■ What the task requires
Gather all lines in the records below that include the word "truck".

■ Source data

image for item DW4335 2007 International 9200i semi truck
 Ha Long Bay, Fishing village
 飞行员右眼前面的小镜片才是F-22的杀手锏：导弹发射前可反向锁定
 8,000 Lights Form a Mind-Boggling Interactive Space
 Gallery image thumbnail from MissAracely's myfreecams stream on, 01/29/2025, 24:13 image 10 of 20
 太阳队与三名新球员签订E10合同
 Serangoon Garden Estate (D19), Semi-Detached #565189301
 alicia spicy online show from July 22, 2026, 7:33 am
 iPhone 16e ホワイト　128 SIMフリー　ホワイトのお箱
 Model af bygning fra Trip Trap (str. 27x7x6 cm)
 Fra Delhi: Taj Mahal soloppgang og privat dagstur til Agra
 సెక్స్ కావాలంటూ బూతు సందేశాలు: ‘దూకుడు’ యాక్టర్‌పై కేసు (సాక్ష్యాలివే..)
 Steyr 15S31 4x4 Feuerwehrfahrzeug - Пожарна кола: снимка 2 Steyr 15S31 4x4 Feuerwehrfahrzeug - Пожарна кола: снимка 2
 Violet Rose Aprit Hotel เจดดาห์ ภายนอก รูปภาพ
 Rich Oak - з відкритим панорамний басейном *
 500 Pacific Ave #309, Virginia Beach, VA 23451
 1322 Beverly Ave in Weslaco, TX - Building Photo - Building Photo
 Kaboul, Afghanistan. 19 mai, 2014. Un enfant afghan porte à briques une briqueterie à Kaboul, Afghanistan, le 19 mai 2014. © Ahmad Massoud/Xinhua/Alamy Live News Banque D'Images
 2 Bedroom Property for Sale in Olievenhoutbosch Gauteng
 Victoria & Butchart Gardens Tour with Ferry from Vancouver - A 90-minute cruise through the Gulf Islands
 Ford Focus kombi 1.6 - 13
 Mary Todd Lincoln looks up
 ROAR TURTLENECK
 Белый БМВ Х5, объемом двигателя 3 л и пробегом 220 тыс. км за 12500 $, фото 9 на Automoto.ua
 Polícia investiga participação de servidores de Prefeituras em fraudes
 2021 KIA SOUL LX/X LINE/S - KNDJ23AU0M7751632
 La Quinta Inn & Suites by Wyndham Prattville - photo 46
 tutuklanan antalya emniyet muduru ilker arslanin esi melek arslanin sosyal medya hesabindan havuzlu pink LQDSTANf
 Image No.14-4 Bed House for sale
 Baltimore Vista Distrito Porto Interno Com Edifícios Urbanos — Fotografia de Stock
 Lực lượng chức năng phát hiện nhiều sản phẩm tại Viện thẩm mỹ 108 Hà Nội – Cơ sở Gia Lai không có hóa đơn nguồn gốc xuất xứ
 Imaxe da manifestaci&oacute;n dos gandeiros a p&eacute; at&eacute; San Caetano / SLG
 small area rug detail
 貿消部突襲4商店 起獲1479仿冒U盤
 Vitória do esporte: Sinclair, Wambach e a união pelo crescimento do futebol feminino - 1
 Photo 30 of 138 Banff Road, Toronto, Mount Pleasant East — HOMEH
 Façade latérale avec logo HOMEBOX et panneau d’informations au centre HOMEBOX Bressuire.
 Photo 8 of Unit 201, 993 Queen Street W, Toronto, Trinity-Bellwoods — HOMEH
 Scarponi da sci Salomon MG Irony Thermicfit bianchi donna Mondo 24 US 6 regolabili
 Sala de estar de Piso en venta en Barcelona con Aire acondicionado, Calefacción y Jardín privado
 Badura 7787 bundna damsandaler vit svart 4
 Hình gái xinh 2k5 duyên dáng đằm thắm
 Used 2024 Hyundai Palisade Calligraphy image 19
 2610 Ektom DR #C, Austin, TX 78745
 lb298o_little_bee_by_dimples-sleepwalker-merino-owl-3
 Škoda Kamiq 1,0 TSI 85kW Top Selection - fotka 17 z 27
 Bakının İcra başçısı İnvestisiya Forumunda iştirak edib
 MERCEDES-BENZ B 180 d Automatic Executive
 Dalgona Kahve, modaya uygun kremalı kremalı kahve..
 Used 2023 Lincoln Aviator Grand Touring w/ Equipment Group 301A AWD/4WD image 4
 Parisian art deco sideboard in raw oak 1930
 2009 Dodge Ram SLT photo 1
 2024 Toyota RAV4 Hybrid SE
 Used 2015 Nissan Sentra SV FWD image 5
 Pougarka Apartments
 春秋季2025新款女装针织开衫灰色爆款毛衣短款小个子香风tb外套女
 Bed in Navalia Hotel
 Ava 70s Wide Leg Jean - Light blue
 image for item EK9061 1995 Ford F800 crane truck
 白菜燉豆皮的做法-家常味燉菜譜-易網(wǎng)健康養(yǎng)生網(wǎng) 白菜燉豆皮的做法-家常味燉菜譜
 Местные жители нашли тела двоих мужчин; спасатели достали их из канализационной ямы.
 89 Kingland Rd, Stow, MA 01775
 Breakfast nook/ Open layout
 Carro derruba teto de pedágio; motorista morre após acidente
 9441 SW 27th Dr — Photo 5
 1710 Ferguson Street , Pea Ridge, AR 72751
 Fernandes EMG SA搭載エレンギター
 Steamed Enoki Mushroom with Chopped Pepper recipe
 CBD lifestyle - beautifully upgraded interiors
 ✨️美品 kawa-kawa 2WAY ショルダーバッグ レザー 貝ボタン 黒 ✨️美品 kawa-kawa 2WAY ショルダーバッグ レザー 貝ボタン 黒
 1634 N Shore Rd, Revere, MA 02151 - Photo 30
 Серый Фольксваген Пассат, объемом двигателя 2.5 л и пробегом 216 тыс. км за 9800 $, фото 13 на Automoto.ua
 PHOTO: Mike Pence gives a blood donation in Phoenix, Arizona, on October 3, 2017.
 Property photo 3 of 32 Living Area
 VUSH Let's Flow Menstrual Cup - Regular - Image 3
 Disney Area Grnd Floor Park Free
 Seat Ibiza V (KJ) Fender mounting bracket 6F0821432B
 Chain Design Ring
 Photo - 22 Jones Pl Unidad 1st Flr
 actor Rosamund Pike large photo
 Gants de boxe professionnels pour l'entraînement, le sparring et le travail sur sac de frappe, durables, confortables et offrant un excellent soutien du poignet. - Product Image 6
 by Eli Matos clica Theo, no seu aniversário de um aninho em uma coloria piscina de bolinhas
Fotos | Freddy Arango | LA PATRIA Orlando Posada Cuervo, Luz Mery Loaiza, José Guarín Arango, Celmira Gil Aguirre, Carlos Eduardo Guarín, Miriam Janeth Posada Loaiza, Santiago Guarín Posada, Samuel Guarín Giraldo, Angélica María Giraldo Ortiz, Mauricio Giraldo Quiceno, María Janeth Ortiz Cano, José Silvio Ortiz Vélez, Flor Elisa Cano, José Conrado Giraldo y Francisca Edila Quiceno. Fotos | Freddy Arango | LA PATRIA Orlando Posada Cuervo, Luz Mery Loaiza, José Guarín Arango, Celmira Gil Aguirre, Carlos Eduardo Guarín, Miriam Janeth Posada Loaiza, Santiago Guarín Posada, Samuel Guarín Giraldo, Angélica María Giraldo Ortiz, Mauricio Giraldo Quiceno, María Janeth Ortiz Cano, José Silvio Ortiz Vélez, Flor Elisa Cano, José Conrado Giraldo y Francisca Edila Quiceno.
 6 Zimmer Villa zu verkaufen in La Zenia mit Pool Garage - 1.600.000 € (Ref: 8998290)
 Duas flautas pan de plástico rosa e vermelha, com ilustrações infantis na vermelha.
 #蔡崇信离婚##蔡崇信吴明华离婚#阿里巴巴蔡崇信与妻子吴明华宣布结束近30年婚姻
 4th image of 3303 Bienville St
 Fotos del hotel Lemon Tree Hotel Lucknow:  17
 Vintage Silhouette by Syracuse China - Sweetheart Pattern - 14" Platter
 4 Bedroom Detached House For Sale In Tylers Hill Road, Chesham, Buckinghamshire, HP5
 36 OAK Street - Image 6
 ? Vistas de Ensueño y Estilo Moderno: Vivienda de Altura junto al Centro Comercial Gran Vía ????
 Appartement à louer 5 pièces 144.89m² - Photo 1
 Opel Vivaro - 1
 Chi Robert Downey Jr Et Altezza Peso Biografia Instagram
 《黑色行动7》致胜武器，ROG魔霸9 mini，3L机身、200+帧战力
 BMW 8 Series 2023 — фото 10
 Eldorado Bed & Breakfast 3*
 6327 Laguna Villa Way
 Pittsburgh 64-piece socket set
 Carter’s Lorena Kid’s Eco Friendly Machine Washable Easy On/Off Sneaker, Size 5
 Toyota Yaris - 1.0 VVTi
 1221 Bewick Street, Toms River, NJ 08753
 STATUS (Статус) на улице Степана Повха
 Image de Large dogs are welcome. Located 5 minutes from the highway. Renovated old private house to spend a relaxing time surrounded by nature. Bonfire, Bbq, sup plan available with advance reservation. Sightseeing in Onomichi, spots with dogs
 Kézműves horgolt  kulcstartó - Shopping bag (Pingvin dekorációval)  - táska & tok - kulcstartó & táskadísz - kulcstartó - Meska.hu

■ Solution to this problem
image for item DW4335 2007 International 9200i semi truck
 image for item EK9061 1995 Ford F800 crane truck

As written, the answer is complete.